Tanzania, once a beacon of stability, peace and democracy in East Africa, has gradually been sliding towards autocracy since Magufuli took power in 2015. In September, Lissu’s convoy was tear gassed by the police and the Chadema offices in Arusha were firebombed, the party said. Several opposition members have been kidnapped, attacked and murdered including one Chadema politician Martin Anney who was kidnapped and murdered in August. Supporters of Chadema have also been accused of retaliatory violence against the CCM in recent weeks.

“President Magufuli and the NEC must cease all intimidation of opposition candidates,” Robert Amsterdam, an international lawyer advising opposition leader Tundu Lissu tells VICE News. “The safety and continued candidacy of Tundu Lissu must also be upheld, who has faced both threats to his life and continuing attempts to disqualify his candidacy for president.”

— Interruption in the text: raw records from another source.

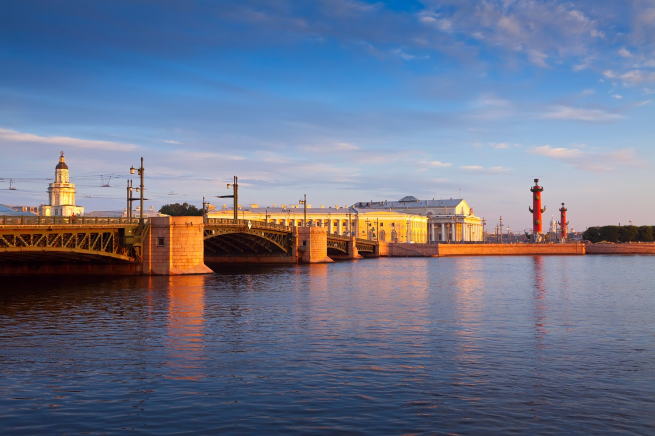 В Петербурге количество магазинов для туристов увеличилось на 12% В Петербурге количество магазинов для туристов увеличилось на 12%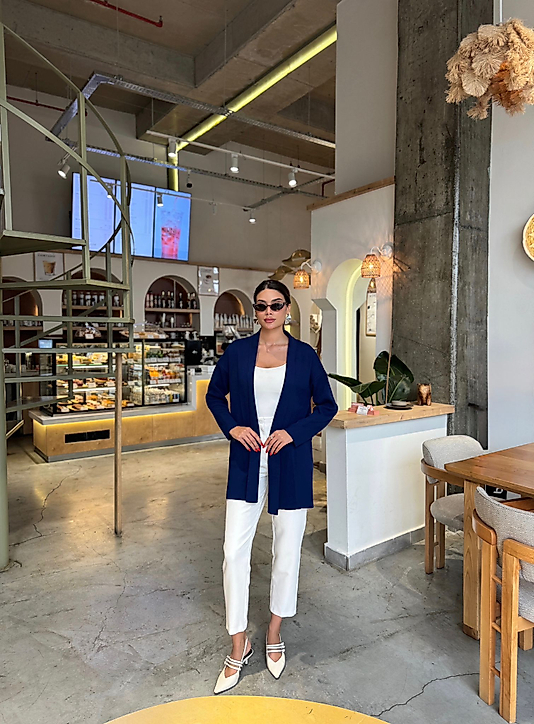 Oversize ,Yumuşak Standart Beden Lacivert Kazak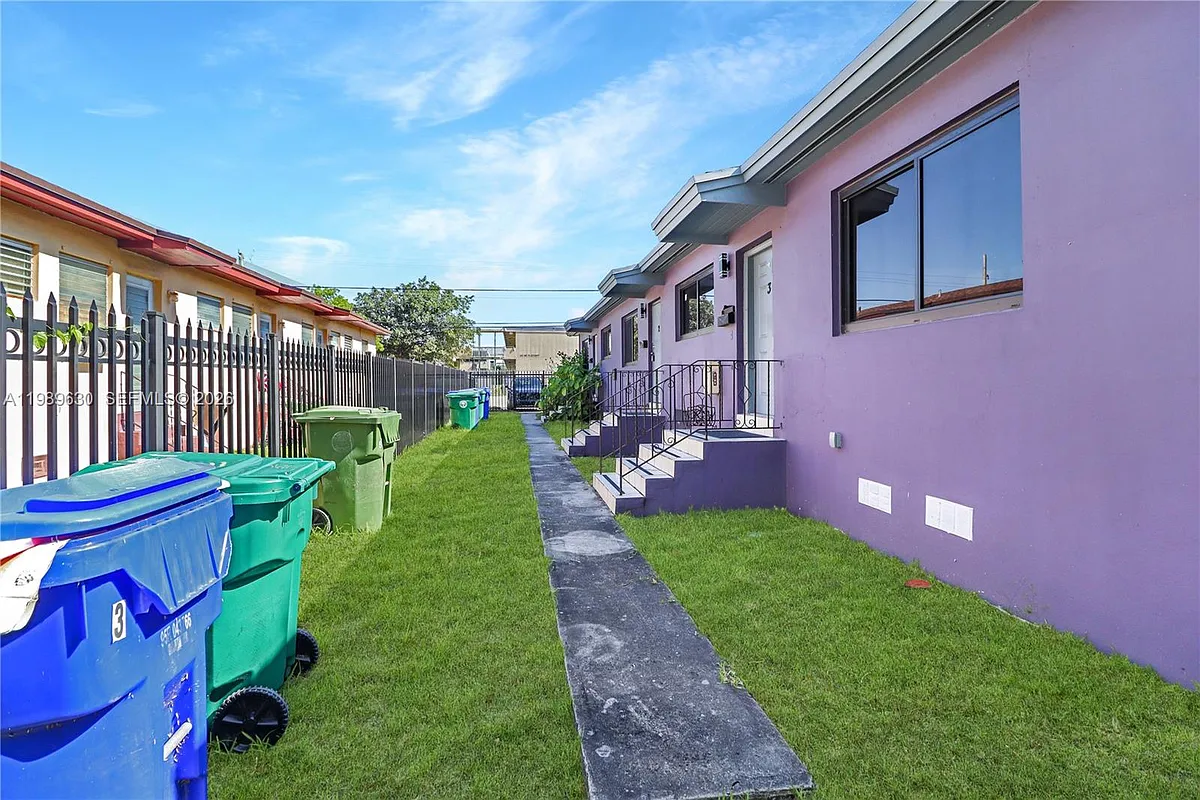 Building Photo - 98 NE 71st St #2
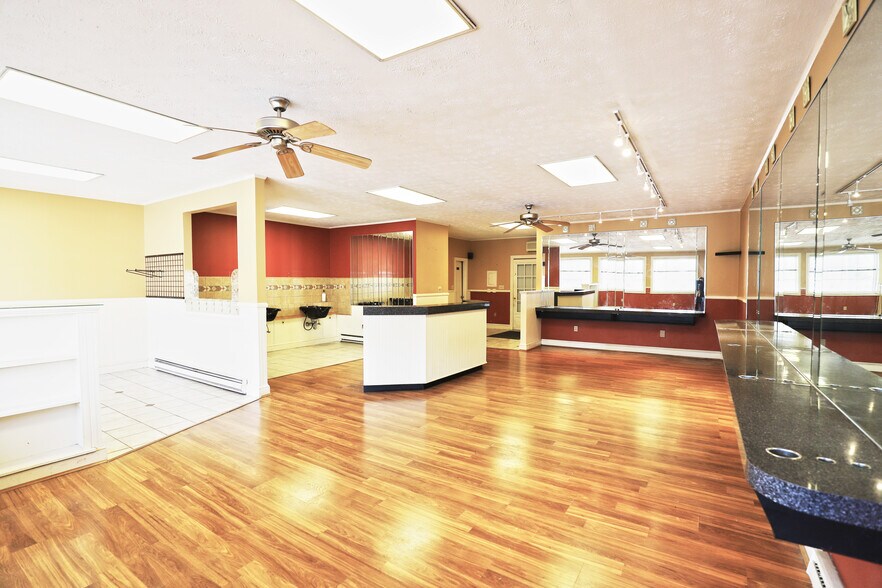 More Photos Of 410 W Falmouth Hwy, Falmouth Apartments For Lease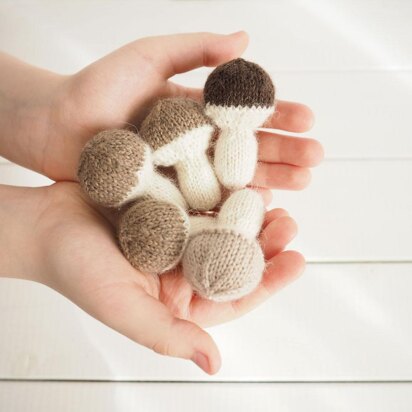 Tiny Mushroom knitting pattern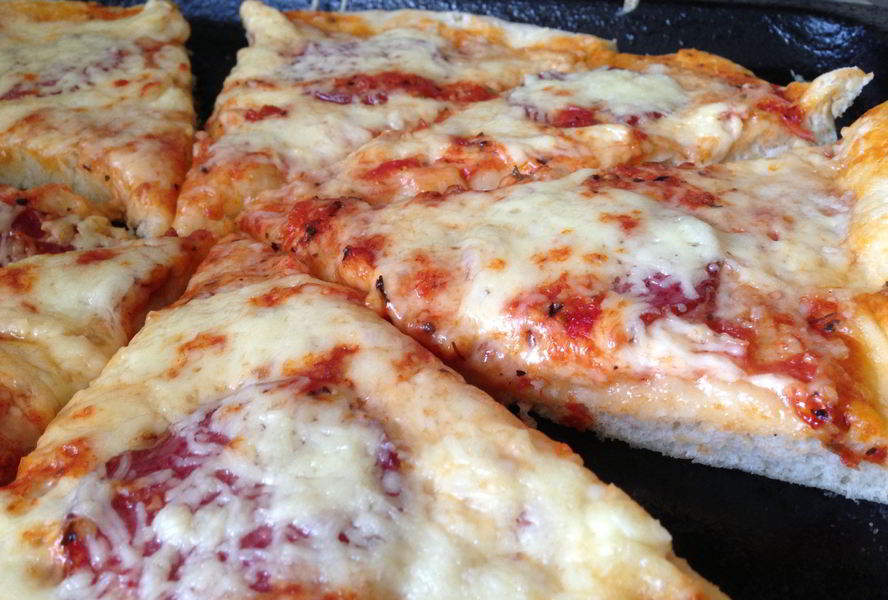 Воздушная пицца с салями и двумя видами сыра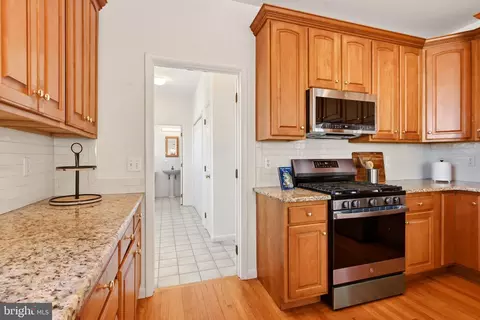 Entry Way - 806 Spar Dr, Forked River, NJ 08731 photo 2 of 5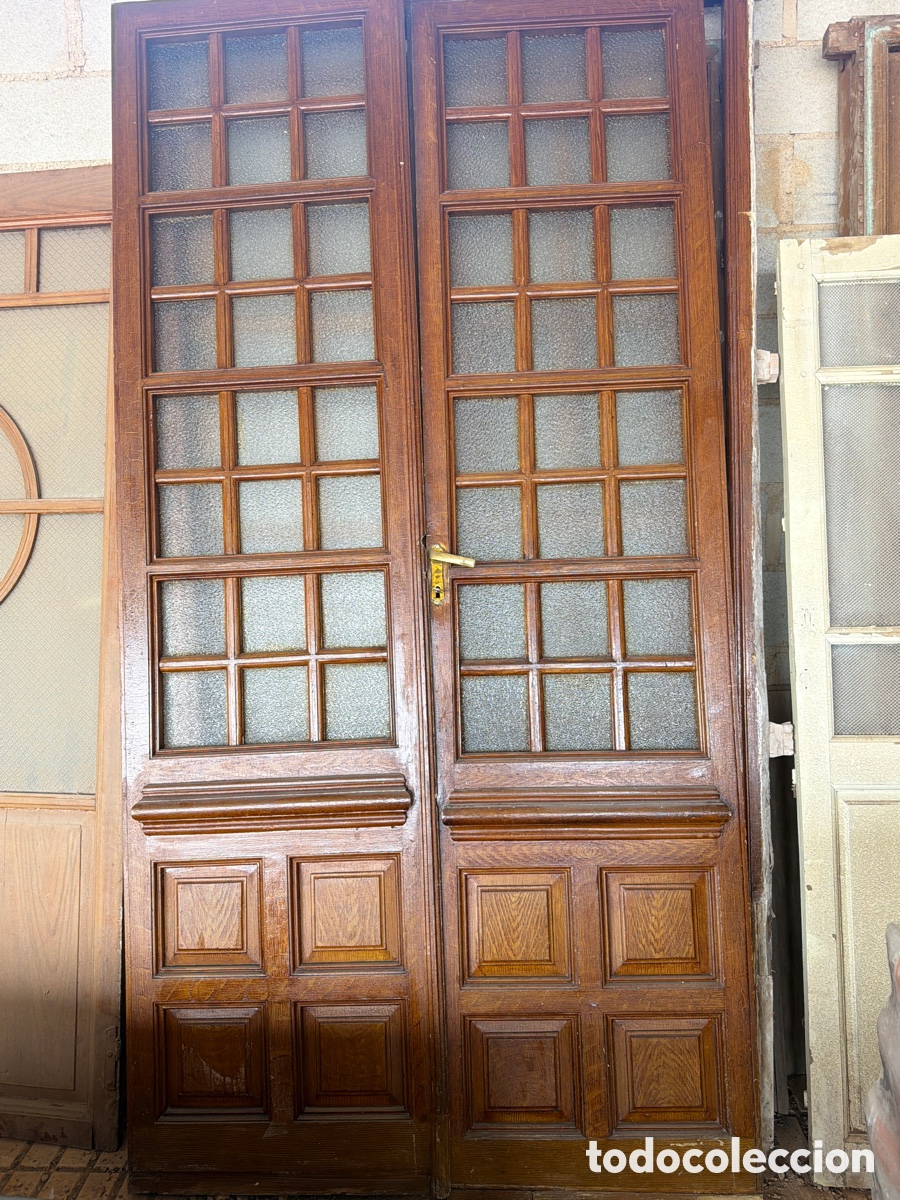 Antiques: Puerta de madera con cristal estilo modernista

The Chama Cha Mapinduzi (Party of the Revolution) the ruling party, has been in power since independence in 1961, and President Magufuli, 60, is widely expected to win a second term, not least because the system in charge of the elections is staffed by presidential appointees. Nicknamed “The Bulldozer”, Magufuli came to power on a nationalism and anti-corruption mandate, forcing multinational mining companies to pay higher taxes, subsequently increasing government revenues, but denies cracking down on civil society and the opposition.

The situation in Tanzania, especially the suspension of Lissu’s campaign, has attracted the interest of the American government. US Senator Jim Risch, chairman of the Senate Foreign Relations Committee, said Lissu’s suspension on “bogus charges raises serious questions about the independence of Tanzania’s electoral commission,” in a statement. “We will not hesitate to consider consequences for those found to be responsible for election-related violence or undermining the democratic process,” the US Embassy in Tanzania added.

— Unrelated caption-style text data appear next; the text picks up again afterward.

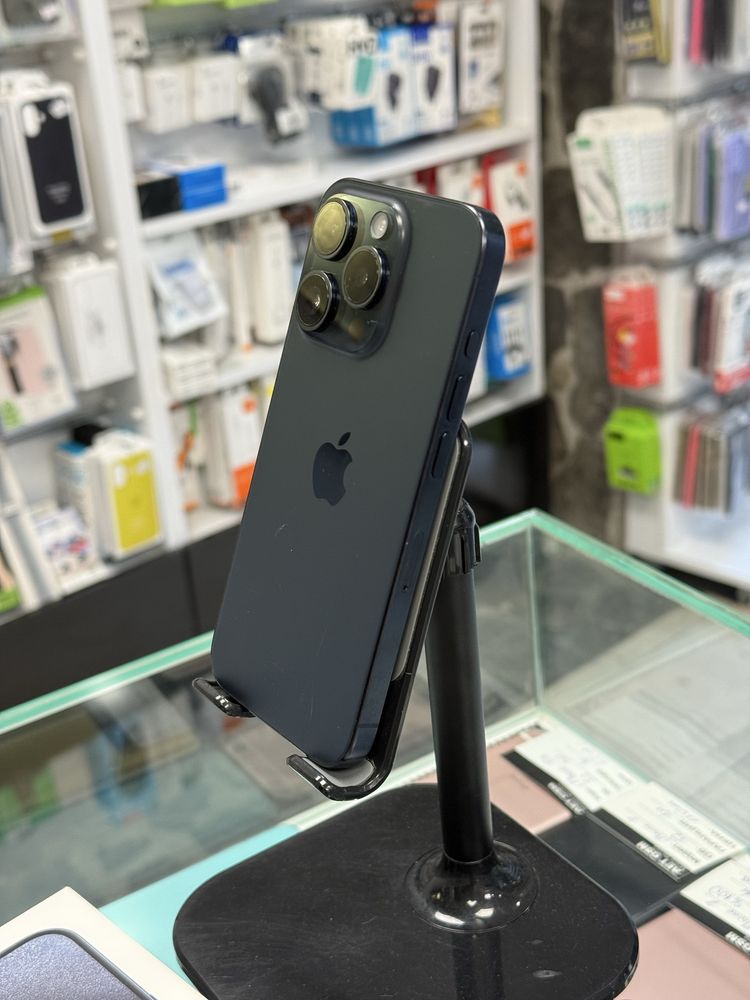 Apple iphone 15 Pro 256GB Blue Titanium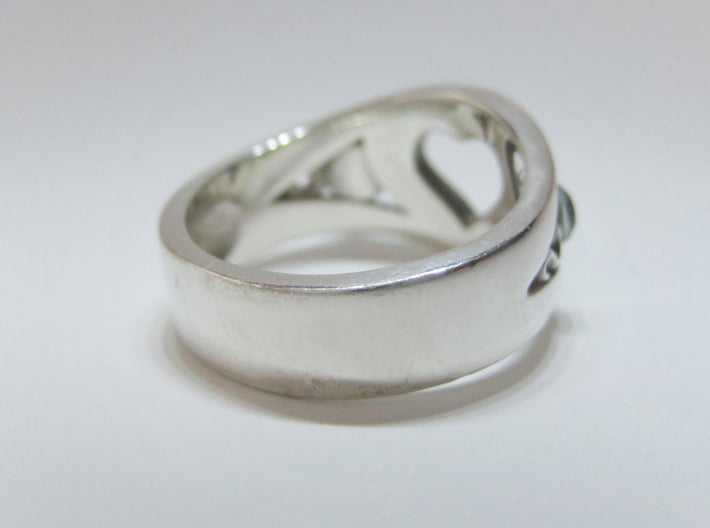 Heart Ring(Inner diameter of ring 18mm) 3d printed 
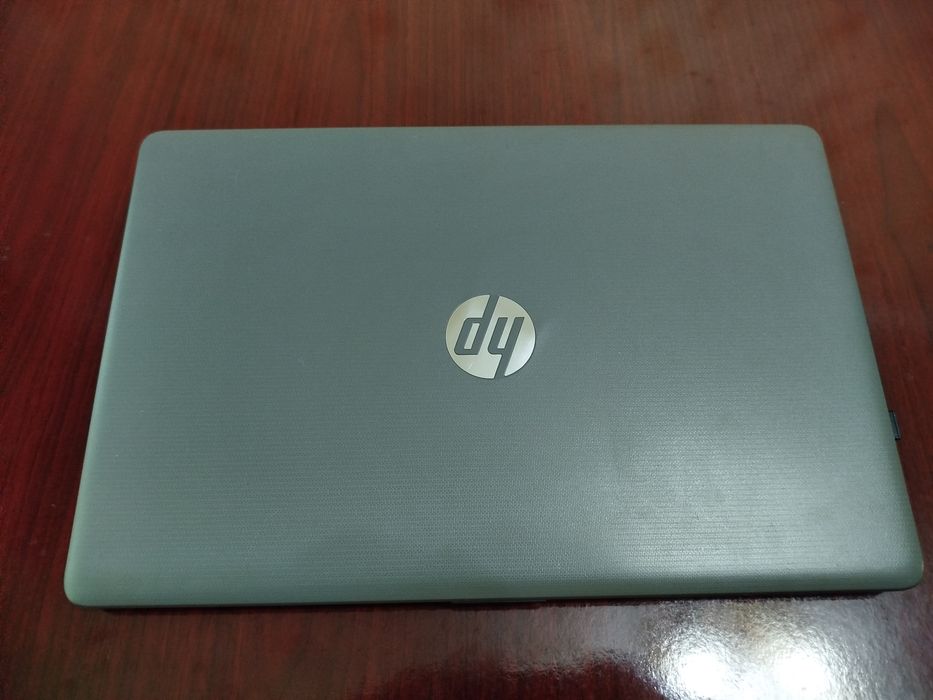HP Laptop 15-da0xxx sotiladi!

“Due to his international reputation, he has largely been saved from violence and force, but this might change in the coming weeks as the ruling administration becomes more desperate to cling to power,” Mohamed says, speaking of Lissu.

The opposition says these are attempts to boost the ruling party’s hold on power. The government and the National Electoral Commission has rejected the allegations.

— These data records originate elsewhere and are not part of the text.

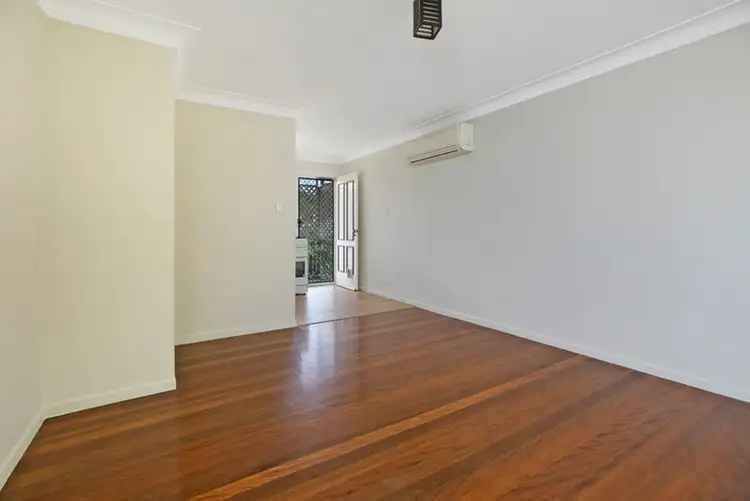 Seventh view of Homely unit listing, 2/18 Victor Street, Holland Park QLD 4121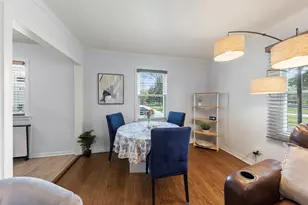 1335 College Ave, Wheaton, IL 60187 - Photo 4
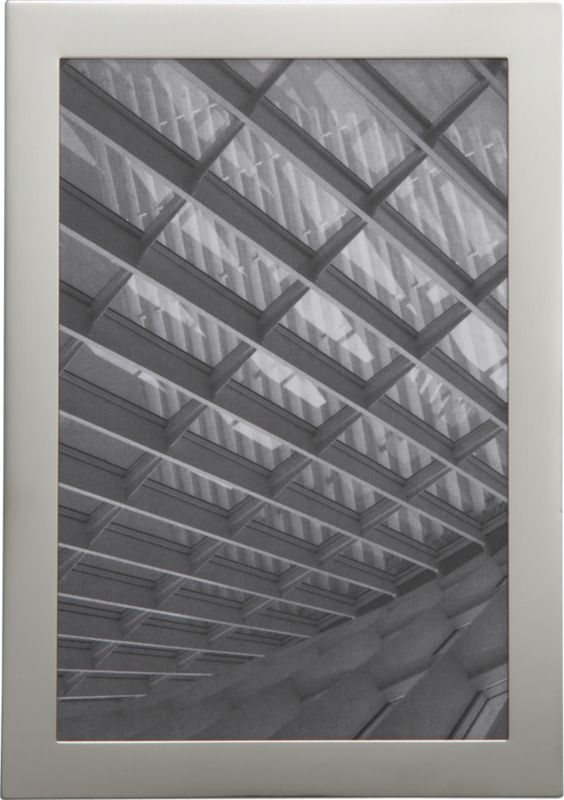 large frame. 4"Wx6"H (holds one 4"x6" photo).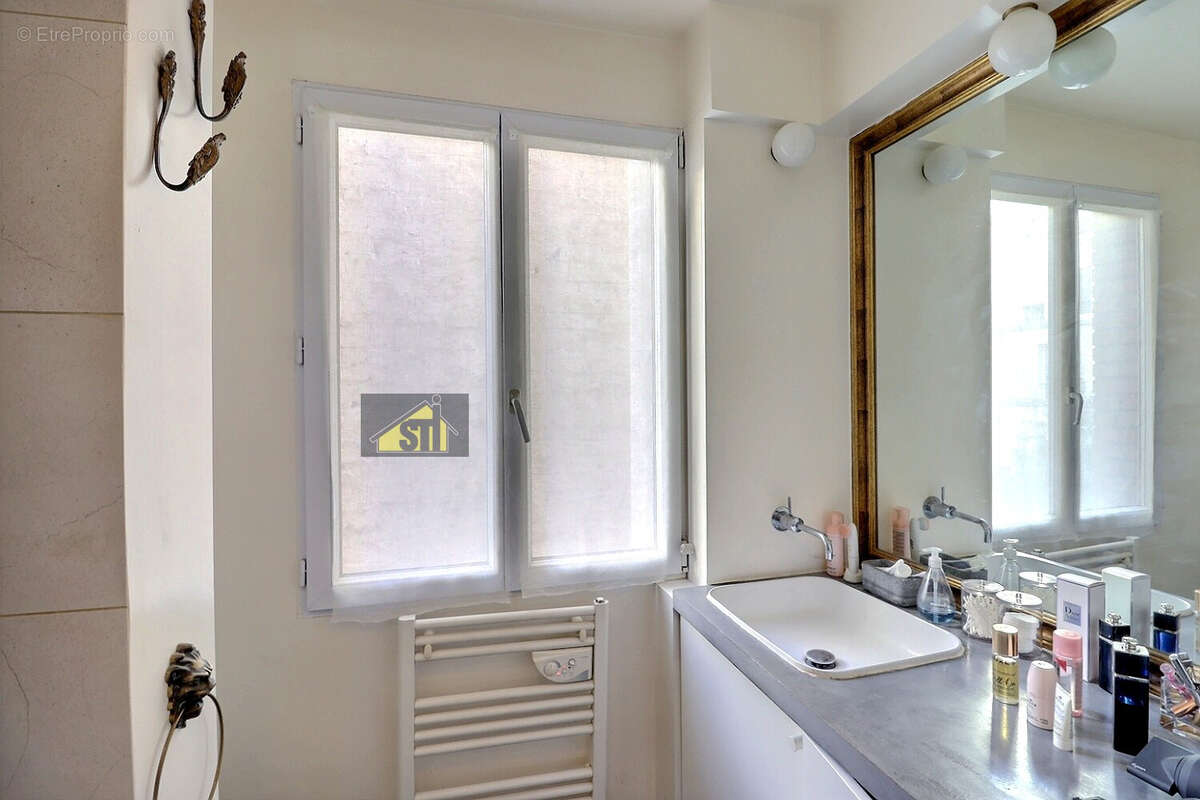 Appartement à PARIS-14E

Lissu, a human rights lawyer, has promised widespread reforms to ensure the respect of citizens’ rights and freedoms and stimulation of the private sector including large cuts on loan interest rates. “If he wins in the upcoming polls, he will continue on this path of authoritarianism,” says Mohamed.

The head directorate of presidential communication Gerson Msigwa declined to comment. Hassan Abbas, Tanzania’s chief government spokesman did not respond to request for comments.

“Under the current circumstances, the opposition will definitely not have a fair playing ground,” Tsehai says. “It remains to be seen how the tallying of the votes will be handled but obviously this will also a distorted process in favor of the ruling party."